Referring to two recent deaths in Kohima, the AKMWC said that in both cases “crime scenes were left exposed and uncontrolled for several critical hours solely because Kohima lacks any functional forensic unit and the Forensic Science Laboratory at Dimapur remains crippled by chronic staffing failures.”

The association recalled that on September 24, 2025, a police constable was found dead from a gunshot injury at the Lerie helipad at about 6.23 a.m., yet forensic investigators arrived only late in the afternoon. Barely a month later, following the murder of a young woman at Old Ministers’ Hill Colony, the incident was reported as early as 7 a.m., but forensic personnel “had to be mobilised from Dimapur and reached the scene only after 2 p.m.”

“These were not remote or inaccessible locations but serious crimes occurring within the State capital itself,” the AKMWC said, adding that such delays “directly undermined the integrity of the investigation, violated basic principles of criminal justice, and amounted to a serious human rights violation of the victims and their families.”

Despite the inauguration of an “upgraded” Forensic Science Laboratory at Dimapur in September 2018 and repeated claims of creating nine scientific posts, the association said “not a single regular Scientific Officer or Scientific Assistant has been recruited to this day.” Nearly eight years later, the laboratory “survives on deputed personnel, with core forensic divisions crippled or non-functional and costly equipment lying idle.”

The AKMWC described the situation as “a textbook case of administrative apathy and institutional failure,” pointing out that qualified Naga forensic professionals “from diploma holders to PhDs” continue to work outside the State or are pushed into overage “while public-funded equipment gathers dust and becomes obsolete.”

The issue, the association said, has gained statutory urgency with the enforcement of the Bharatiya Nagarik Suraksha Sanhita, which mandates forensic involvement at crime scenes in serious offences. Continued dependence on sending exhibits to other States, it warned, “causes inordinate delay and exposes evidence to degradation, contamination, and potential miscarriage of justice.”

Referring to the Rs 97 lakh theft at the Kohima Municipal Council office in June 2025, the association said the case unravelled into a chain of thefts exceeding Rs 1.5 crore only after custodial confession. “Modern investigation depends on forensic linkage, digital correlation, financial trail analysis, and pattern recognition,” it said, asking how many crimes were never linked “simply because no forensic capacity existed to connect the dots in time.”

Recalling the January 4, 2026 announcement on Aakashvani where Amit Shah, Union Home Minister announced a Rs 30,000 crore investment to build a nationwide forensic network by 2029, the association argued, Forensics is no longer optional.

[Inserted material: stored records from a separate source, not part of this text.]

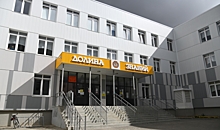 Первый школьный кванториум появился в Волгограде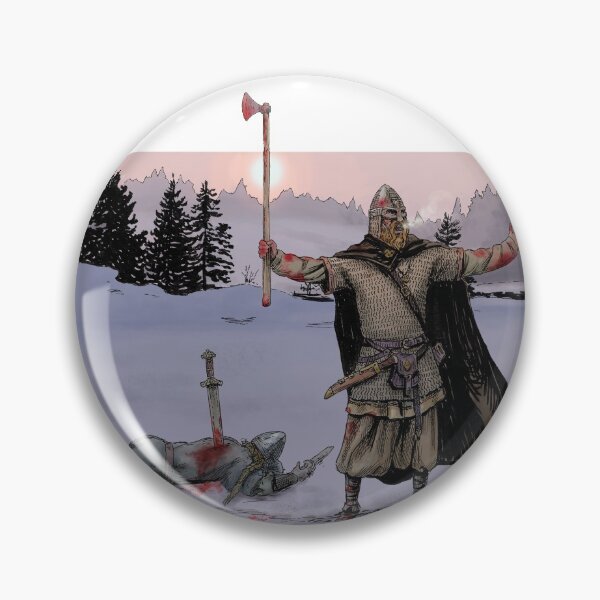 Item preview, Conflict Resolution designed and sold by Richard Luschek.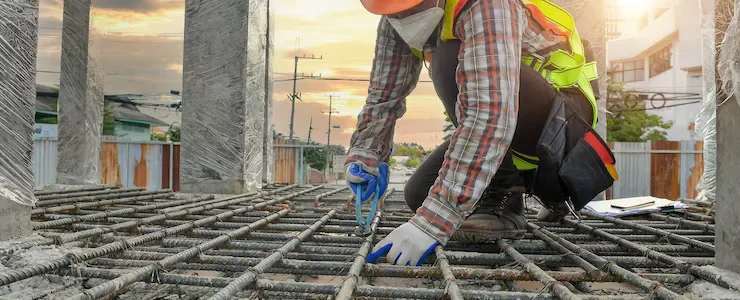 Cek! Jasa Pengurusan SKK Konstruksi Klasifikasi Bidang Sipil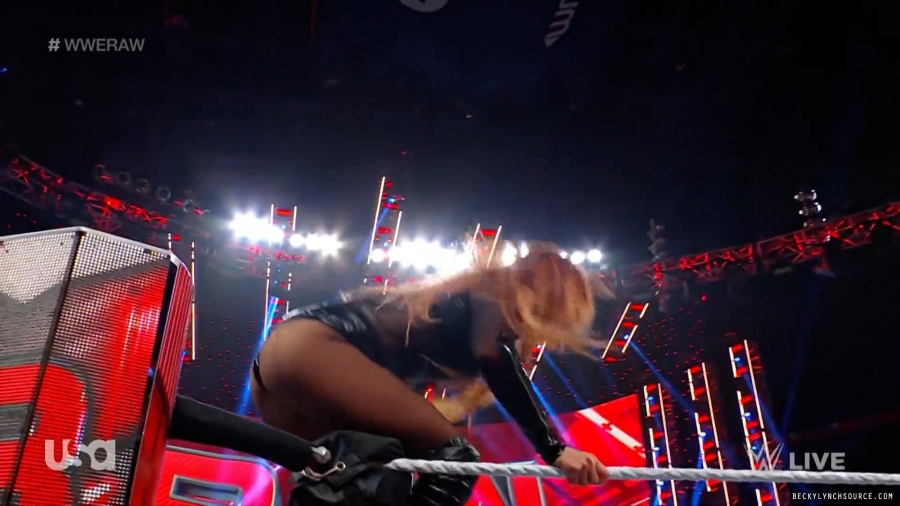 beckyraw20230724_00_01_50_10_Still470.jpg
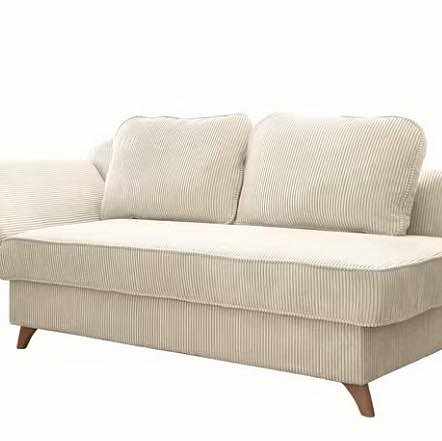 image of Couch / Recamaire - 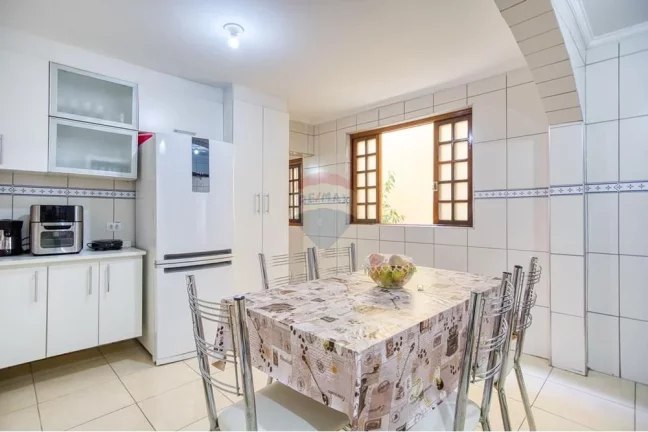 Imagem Casa - Lauzane Paulista.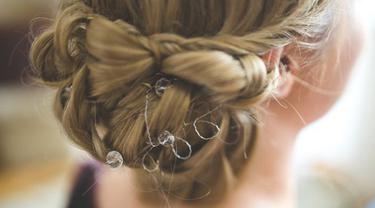 Salah Pilih Wedding Organizer Hari Pernikahan Jadi Berantakan Lifestyle Fimela Com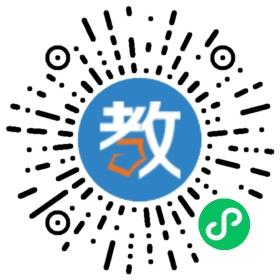 鄭州市金水區育瓏天教育培訓中心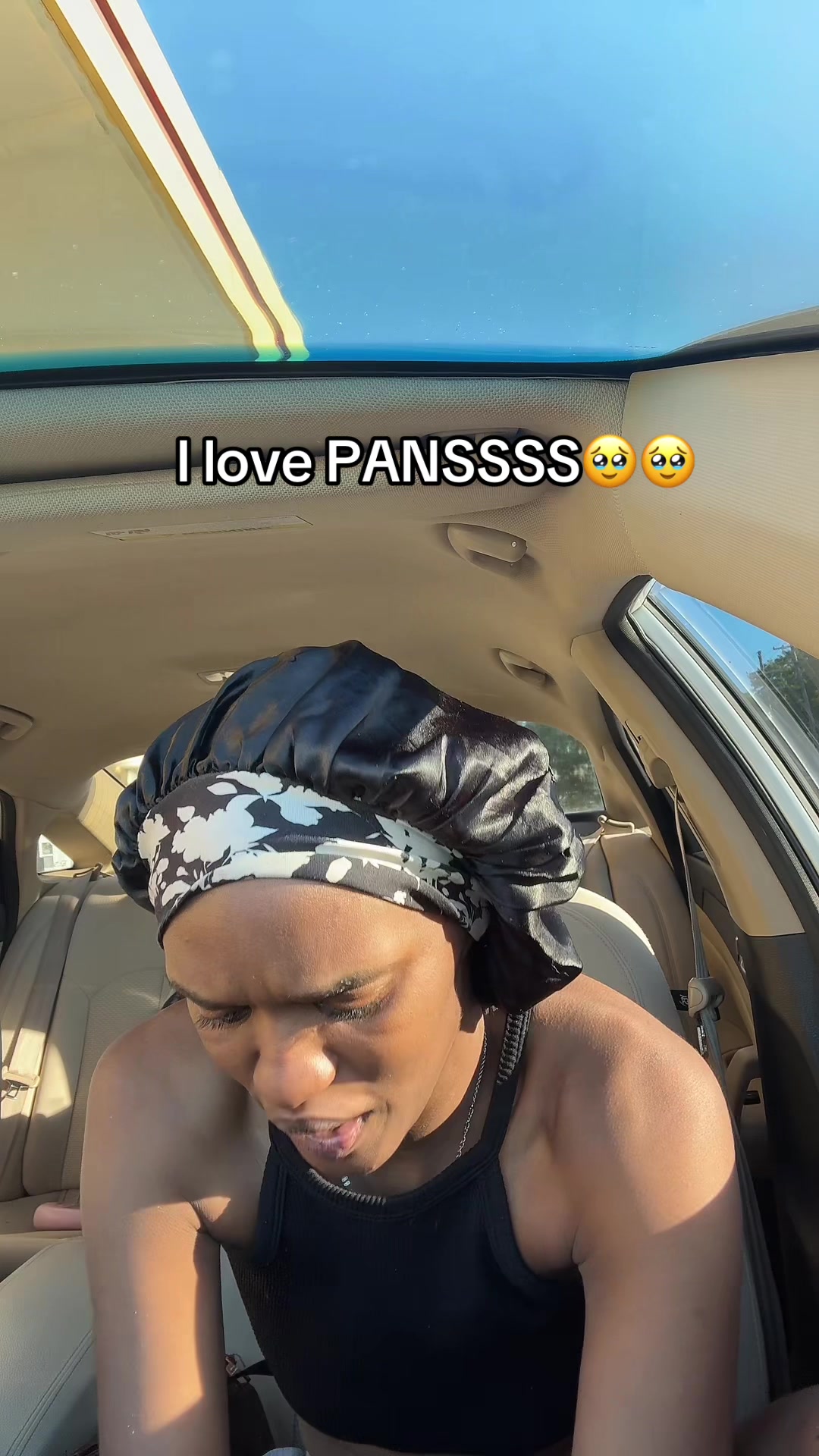 @darealbigmfnbee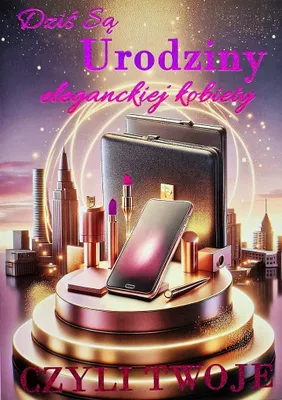 Obrázok produktu pre Predplatné Smartphone 3K k narodeninám – YEKU
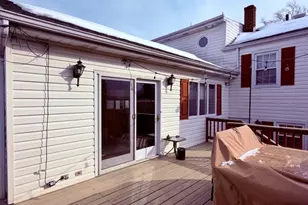 556 Locust Ave, Garwood, NJ 07027 - Photo 16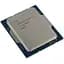 Процесор Intel Core i7-14700KF Box LGA1700 BX8071514700KF 2.5-5.6GHz 33MB - мініатюра 4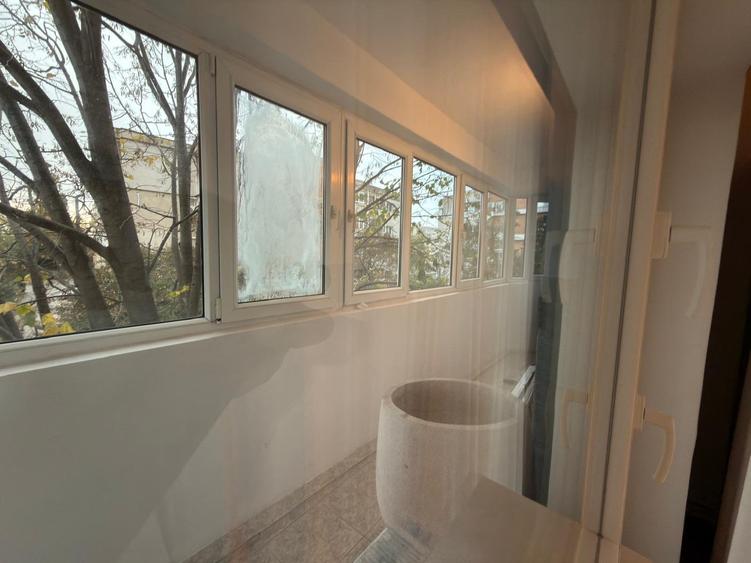 Apartament 3 camere ,zona gara - 9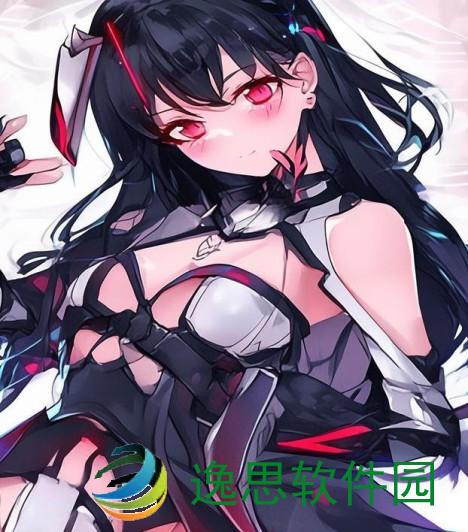 CF死神，游戏中的传奇角色cf死神套装是哪三件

“It is foundational. But, Nagaland cannot wait until 2029. How many robbers, rapists, murderers, and repeat offenders have escaped detection or conviction due to compromised evidence and delayed forensic response. How many victims were denied justice not by law, but by administrative inertia. Build in-state forensic capability now, staffed by trained scientific personnel, to enable early crime linkage, real-time digital and financial analysis, CCTV correlation, and asset recovery. Until then, serious crime in Nagaland will continue to be investigated blindfolded, and justice will remain delayed, diluted, and denied,” it stated.

Calling for urgent intervention, the AKMWC urged the Chief Minister to “personally intervene and direct time-bound measures,” including the immediate operationalisation of the Dimapur Forensic Science Laboratory through expedited recruitment, and the establishment or revival of a functional FSL in Kohima with dedicated scientific staff.

It also pressed for the institutionalisation of district-level forensic response and “fixed accountability timelines for the Home Department,” asserting that strengthening forensic science capacity is “a core requirement for credible policing and justice delivery.”